As a nympho I receive many propositions from guys who promise to rock my world, pleez me up and down, make me feel like a woman, you name it they promise it. Sometimes the email simply says something like “hey baby im six feet tall, blue eyes, 180 lbs, 8″ of pure man, and can make you cum all night long.”
Aw, how sweet. Nothing woos the pants off a girl like an email filled with such dazzling displays of poetry. Good golly gosh, call me bedazzled. The guys who are nice enough to appeal to the over-educated side of me will also mention their IQ. Let’s not forget the real geniuses out there who fill their emails with six-syllable words that I’m pretty sure are not being used or even spelled correctly.
Wow. The pants are practically flying off my crotch in excitement.
I know that I’m in no position to be mocking people who hit on me, but come on. I’m speaking on behalf of disenchanted girls everywhere.
Crap come-ons like that didn’t work in college (and back then I was much less picky) and it definitely doesn’t work now.
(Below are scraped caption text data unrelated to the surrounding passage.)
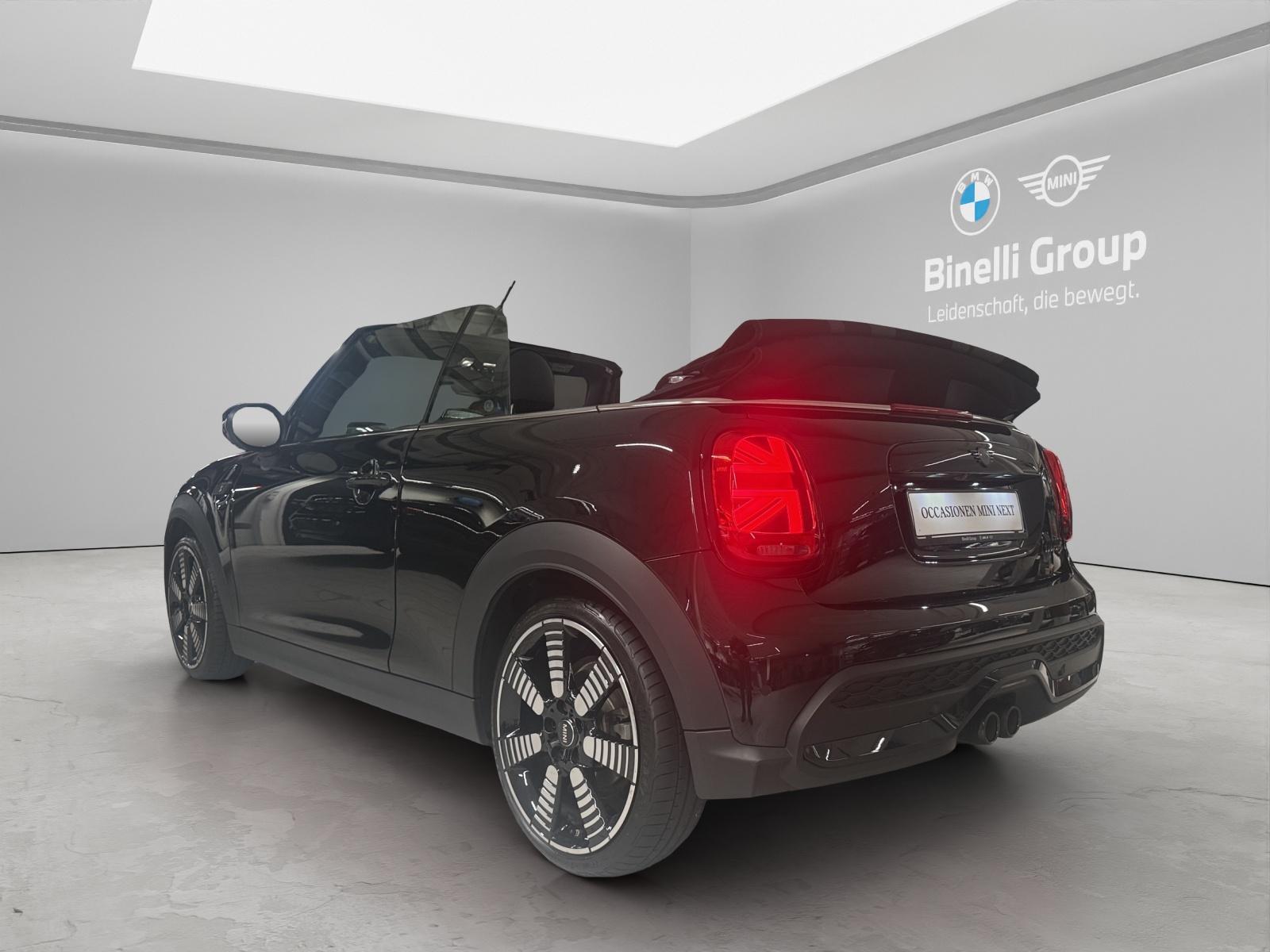 MINI Cabrio Cooper S-image-2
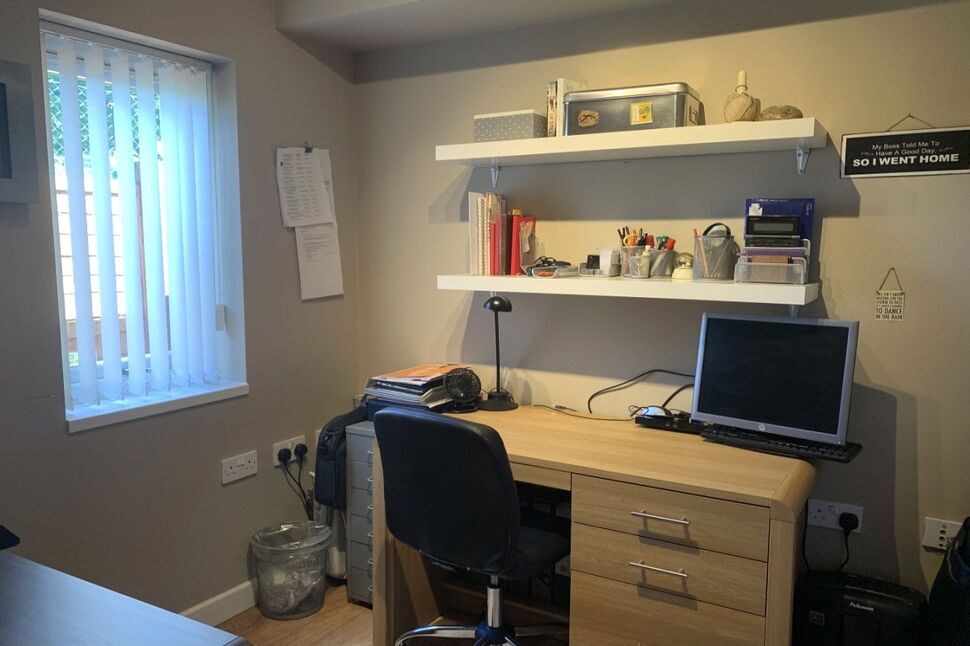 Study / Bedroom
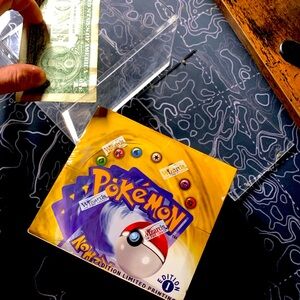 Sealed first edition, Pokémon TCG booster box sealed great condition VIEDO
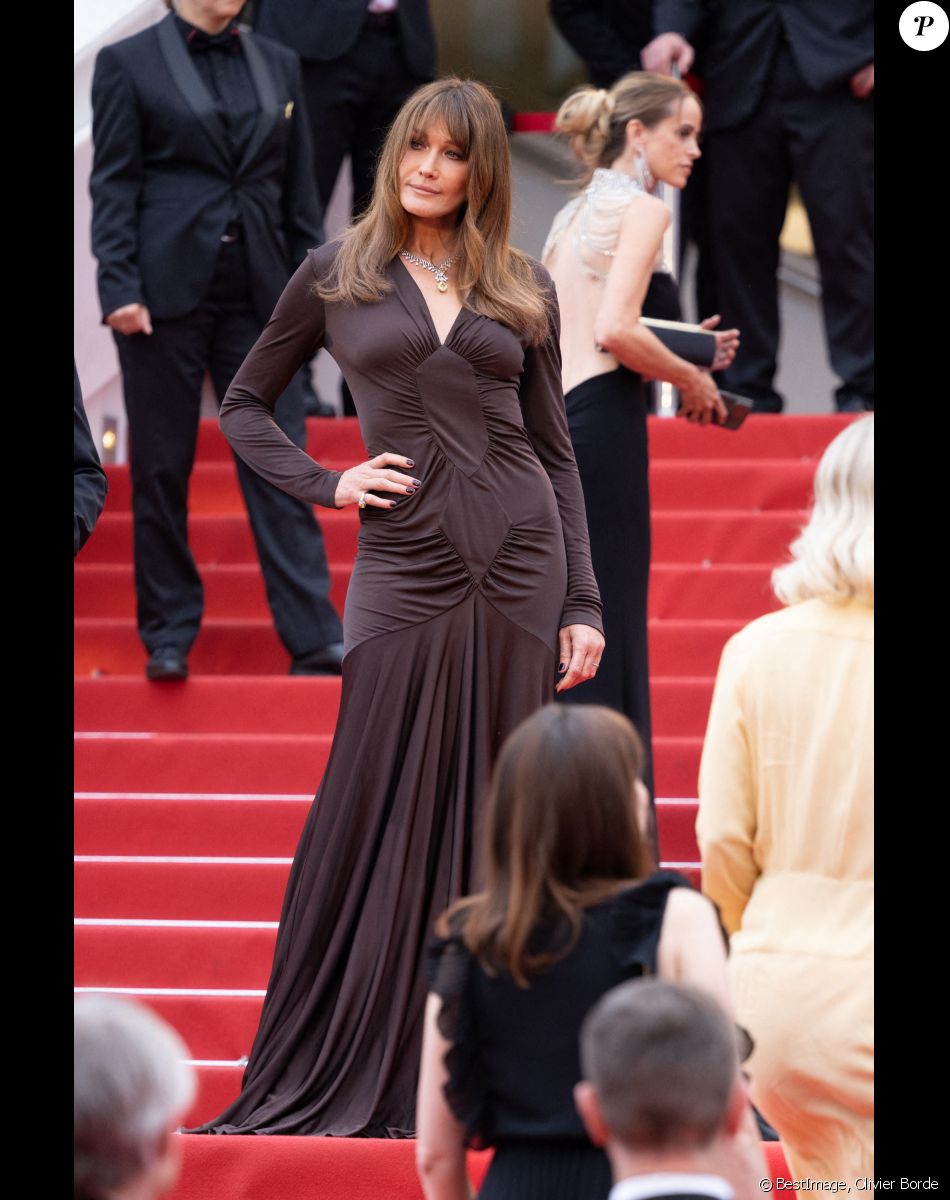Carla Bruni-Sarkozy - Montée des marches du film "Les Amandiers" lors du 75e Festival de Cannes. Le 22 mai 2022. © Olivier Borde / Bestimage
It takes more than “I have a big dick and I know how to use it” to arouse my interest. I’m going on six months without sex and hearing stupid shit like that just makes me that much more resolute in holding out.
It’s really not that difficult to attract a girl using something other than your god-given manliness. Now of course I can’t be a hypocrite when it is well documented how much I enjoy checking out a hot guy, but there’s a huge difference between staring at/fantasizing about a hot guy and the sort of guy I’ll actually fuck. It never ceases to amaze me how many guys cockblock themselves with their own dumbassery.
My favorite one-night stands and fuck buddies all had one attribute that caught and held my attention: a sense of humor. Wit. Someone who’s a smartass, who’s not full of himself or full of bullshit about how much he can fill me up with his man-love. Like many other girls, I go for smart, funny, cool, normal, and did I mention funny? FUNNY IS VERY IMPORTANT WHEN THERE IS A POTENTIAL QUEEF SITUATION. Funny may even keep me from kicking the guy out when we’re done. I may be a nympho but I have a heart for anyone who can amuse me with his mind as much as his hands.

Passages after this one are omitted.